The Red Sea crisis sent ocean freight rates from the Far East to the US spiralling by more than 150%, but there appears to be some relief on the horizon for shippers, says an article published on container news website.
Summary
- The Red Sea crisis has caused a significant spike in ocean freight rates from the Far East to the US, with rates increasing by over 150%. However, recent data suggests that the peak may have been reached.
- Xeneta’s latest data indicates a slight decline in spot rates from the Far East to the US since the implementation of General Rate Increases (GRIs) in early February.
- Early indications from Xeneta suggest a further softening of the market in the next 10 days, offering potential relief to importers. Despite this, spot rates remain significantly elevated.

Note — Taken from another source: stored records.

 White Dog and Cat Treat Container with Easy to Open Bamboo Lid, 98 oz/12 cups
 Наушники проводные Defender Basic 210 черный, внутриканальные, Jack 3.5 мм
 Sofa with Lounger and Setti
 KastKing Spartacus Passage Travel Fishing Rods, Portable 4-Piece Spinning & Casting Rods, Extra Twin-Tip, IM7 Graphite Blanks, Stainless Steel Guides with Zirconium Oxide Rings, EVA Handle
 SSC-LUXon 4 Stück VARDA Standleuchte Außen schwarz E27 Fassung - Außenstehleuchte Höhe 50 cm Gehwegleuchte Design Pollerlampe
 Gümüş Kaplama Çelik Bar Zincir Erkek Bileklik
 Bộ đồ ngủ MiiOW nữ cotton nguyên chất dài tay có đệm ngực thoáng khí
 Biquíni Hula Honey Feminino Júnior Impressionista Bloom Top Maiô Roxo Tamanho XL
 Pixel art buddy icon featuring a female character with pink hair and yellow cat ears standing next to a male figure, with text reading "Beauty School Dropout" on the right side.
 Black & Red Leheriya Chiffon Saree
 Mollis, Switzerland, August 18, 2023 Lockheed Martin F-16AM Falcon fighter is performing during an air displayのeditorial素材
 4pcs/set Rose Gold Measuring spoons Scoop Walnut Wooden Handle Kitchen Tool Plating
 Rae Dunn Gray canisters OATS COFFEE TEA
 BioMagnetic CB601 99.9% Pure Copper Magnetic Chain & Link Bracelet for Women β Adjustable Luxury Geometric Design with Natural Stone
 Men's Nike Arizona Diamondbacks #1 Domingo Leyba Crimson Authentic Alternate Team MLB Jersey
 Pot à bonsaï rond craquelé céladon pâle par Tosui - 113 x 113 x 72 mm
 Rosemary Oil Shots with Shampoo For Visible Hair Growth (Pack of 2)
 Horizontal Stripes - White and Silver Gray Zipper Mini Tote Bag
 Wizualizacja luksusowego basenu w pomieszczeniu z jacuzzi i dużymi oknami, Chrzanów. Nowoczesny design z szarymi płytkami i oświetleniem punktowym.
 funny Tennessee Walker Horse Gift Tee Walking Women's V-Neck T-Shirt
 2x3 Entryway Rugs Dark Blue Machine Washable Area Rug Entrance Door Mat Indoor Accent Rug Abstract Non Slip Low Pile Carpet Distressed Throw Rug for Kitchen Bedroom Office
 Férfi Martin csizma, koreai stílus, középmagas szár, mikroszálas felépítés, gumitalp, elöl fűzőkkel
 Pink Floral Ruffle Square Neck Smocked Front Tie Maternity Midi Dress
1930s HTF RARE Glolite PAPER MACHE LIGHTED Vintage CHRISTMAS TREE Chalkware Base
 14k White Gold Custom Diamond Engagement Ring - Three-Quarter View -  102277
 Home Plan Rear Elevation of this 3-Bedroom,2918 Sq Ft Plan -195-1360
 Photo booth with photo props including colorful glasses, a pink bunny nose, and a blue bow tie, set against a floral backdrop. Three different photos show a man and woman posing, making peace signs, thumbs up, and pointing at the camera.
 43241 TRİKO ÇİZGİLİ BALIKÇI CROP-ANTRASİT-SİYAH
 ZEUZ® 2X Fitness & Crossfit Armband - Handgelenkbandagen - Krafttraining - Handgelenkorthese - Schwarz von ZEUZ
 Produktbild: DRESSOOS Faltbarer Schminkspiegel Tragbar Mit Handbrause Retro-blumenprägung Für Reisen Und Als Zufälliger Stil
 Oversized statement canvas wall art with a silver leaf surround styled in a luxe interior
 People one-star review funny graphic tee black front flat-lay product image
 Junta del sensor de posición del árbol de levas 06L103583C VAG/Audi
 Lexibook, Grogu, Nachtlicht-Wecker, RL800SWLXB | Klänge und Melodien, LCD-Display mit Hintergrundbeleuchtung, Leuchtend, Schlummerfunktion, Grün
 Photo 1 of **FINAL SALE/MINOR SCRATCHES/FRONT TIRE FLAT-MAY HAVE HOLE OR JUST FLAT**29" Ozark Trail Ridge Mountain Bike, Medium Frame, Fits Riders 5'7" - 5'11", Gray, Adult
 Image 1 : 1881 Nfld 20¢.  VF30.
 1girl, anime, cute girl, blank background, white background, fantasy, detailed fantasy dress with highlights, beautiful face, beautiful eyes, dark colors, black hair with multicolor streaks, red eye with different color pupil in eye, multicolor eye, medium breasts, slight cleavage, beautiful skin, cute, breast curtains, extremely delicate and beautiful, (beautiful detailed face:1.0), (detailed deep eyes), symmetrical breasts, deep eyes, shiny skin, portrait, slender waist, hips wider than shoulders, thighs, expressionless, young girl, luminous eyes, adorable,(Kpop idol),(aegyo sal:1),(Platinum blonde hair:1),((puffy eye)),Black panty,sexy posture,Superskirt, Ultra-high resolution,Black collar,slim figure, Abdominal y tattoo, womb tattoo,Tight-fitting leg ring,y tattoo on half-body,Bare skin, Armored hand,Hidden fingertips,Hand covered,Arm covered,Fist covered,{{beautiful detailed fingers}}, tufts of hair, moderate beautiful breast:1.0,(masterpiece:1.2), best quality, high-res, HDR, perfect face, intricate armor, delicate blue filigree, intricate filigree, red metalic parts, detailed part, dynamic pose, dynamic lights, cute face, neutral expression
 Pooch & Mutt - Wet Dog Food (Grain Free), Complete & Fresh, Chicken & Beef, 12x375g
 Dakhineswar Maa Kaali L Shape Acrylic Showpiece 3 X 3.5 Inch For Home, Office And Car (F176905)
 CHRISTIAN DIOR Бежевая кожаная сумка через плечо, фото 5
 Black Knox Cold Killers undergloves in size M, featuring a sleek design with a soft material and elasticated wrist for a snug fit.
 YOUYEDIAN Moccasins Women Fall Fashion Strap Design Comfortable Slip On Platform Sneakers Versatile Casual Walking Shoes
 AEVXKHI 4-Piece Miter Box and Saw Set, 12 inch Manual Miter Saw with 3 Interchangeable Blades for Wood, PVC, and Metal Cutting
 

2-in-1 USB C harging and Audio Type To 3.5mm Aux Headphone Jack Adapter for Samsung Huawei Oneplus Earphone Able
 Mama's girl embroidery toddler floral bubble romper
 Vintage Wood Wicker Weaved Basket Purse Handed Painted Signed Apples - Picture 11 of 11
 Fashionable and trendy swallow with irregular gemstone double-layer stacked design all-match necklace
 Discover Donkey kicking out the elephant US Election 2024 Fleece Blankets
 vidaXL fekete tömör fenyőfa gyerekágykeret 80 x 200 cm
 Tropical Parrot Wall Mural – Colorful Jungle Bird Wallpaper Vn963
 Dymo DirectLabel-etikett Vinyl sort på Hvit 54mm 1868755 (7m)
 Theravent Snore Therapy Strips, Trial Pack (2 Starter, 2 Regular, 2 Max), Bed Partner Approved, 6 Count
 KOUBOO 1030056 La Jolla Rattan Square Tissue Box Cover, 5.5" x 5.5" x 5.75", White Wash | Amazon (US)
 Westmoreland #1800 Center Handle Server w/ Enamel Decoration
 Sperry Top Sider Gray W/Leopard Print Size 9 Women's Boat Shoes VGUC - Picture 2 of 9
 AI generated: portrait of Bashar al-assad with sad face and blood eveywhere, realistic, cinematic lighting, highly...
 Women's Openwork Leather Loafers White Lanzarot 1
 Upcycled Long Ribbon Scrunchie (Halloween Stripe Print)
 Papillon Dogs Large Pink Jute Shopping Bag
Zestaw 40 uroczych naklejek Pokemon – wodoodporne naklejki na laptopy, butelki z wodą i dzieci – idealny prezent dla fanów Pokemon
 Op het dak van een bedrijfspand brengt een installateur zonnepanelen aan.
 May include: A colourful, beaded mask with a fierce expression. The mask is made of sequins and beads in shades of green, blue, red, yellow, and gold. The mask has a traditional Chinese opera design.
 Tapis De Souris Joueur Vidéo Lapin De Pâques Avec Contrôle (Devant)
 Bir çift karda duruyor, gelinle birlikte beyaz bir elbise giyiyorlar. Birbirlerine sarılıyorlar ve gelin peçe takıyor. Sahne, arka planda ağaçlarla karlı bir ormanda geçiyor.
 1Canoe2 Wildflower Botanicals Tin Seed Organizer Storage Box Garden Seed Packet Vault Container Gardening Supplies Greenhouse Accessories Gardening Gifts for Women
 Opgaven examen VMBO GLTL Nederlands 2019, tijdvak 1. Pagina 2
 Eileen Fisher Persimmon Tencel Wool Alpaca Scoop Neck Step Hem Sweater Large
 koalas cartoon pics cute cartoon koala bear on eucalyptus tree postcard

- The TPM24 industry summit in Long Beach, California, scheduled for early March, will kick off negotiations between ocean freight carriers and US shippers for new contracts.
Current Situation
The Red Sea crisis has caused a significant spike in ocean freight rates from the Far East to the US, with rates increasing by over 150%. However, recent data suggests that the peak may have been reached, offering some relief to shippers.
Rate Decline Indicators
Xeneta’s latest data indicates a slight decline in spot rates from the Far East to the US since the implementation of General Rate Increases (GRIs) in early February. Rates into the US East Coast have fallen from USD$6260 per FEU to US$6100, while rates on the West Coast have decreased from US$4730 per FEU to US$4680 in the same period.
Market Softening Predictions
Early indications from Xeneta suggest a further softening of the market in the next 10 days, offering potential relief to importers. Despite this, spot rates remain significantly elevated, with rates into the US East Coast up by 145% compared to December 14th and rates into the US West Coast up by 185%.
Upcoming Negotiations
The TPM24 industry summit in Long Beach, California, scheduled for early March, will kick off negotiations between ocean freight carriers and US shippers for new contracts. The next few weeks are crucial for the market, with carriers aiming to maintain elevated rates for negotiations.
Challenges And Opportunities
While carriers may seek to keep rates high, Xeneta data suggests this may prove difficult, with further rate decreases anticipated. The ending of Lunar New Year celebrations could lead to increased volumes from the Far East, potentially impacting rates. The upcoming weeks will define the fortunes of ocean freight carriers and shippers for the remainder of 2024.